The guarantors appealed, which appeal included an argument that related to the trial judge’s findings. They said that the Bank intended to rely on the combined effect of the cost agreement and relevant clauses of the facility and security agreements to “exact payment from its customers and guarantors of legal costs which, after the rebates were taken into account, exceeded the costs which the bank had incurred” and that the trial judge was in error in finding that this arrangement did not concern third parties (which was a point taken by the guarantors during the trial). 

The Appeal Court agreed that the trial judge was in error in finding that the arrangement did not affect third parties. The Court of Appeal also agreed that the arrangement itself constituted the wrongful exaction of excessive costs, however, the appeal failed because there was no wrongful exaction in this case as the trial judge had found that the indemnifying parties were entitled to a credit for the rebates that were payable under the arrangements (and that had been taken into account when the Master did the calculations). 

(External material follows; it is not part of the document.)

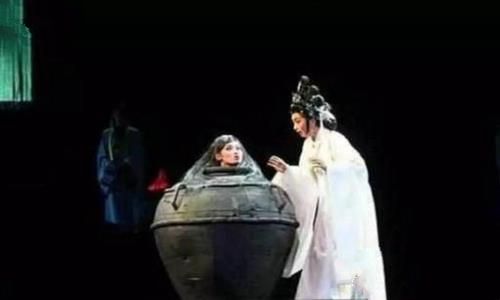 戚夫人人彘活了多久 戚夫人为什么能活下来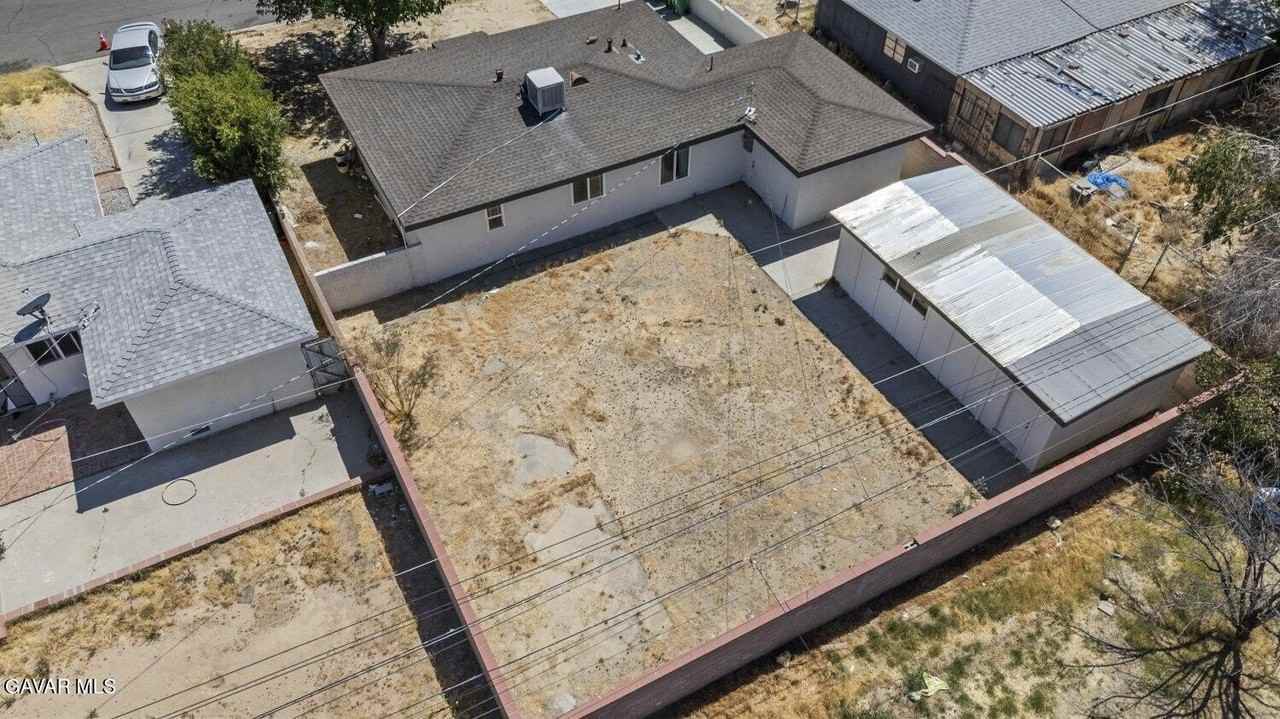 1135 W Pillsbury St - Photo 3 of 22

Whilst the appeal failed in this instance, in relation to the Bank’s practice Acting Appeal Justice Hargrave opined:

  • Whether the Bank thought it was acting honestly or not is irrelevant.  The conduct of the Bank in keeping the rebate for itself was “wrongful and unjust”.  
  • If the guarantors had paid all of the legal costs that were demanded from them, they would have an action against the Bank for unjust enrichment. 
  • Recovery of all the legal costs claimed by the Bank would be against public policy because it would include the wrongful exaction of excessive costs.
  • In his opinion, the Bank and all other banks and financiers with similar arrangements should ensure that their customers, guarantors and third parties who are liable to indemnify their legal costs, are given appropriate credits immediately upon receipt of any volume rebate or discount.  

Given what His Honour saw as the likelihood of this practice being widespread throughout the banking and financial community, he referred his reasons for judgment to ASIC to take whatever action it considers appropriate. 

Clearly what is important to note is the condemnation of the Court for any practice whereby banks or financial institutions recover from customers, guarantors or third parties full legal costs, when they have not in fact incurred those fees in full. This is regardless of whether or not the financial institution believes it is acting honestly in recovering those fees in full. 

Time will tell whether the Court’s comments will spark a flurry of claims by other customers, guarantors or third parties for unjust enrichment including, potential class actions. But given the comments of the Court and the referral of the judgment to ASIC, financial institutions should be aware that they may have an exposure if they have similar cost agreements with their solicitors and have recovered full legal costs from their customers in similar circumstances.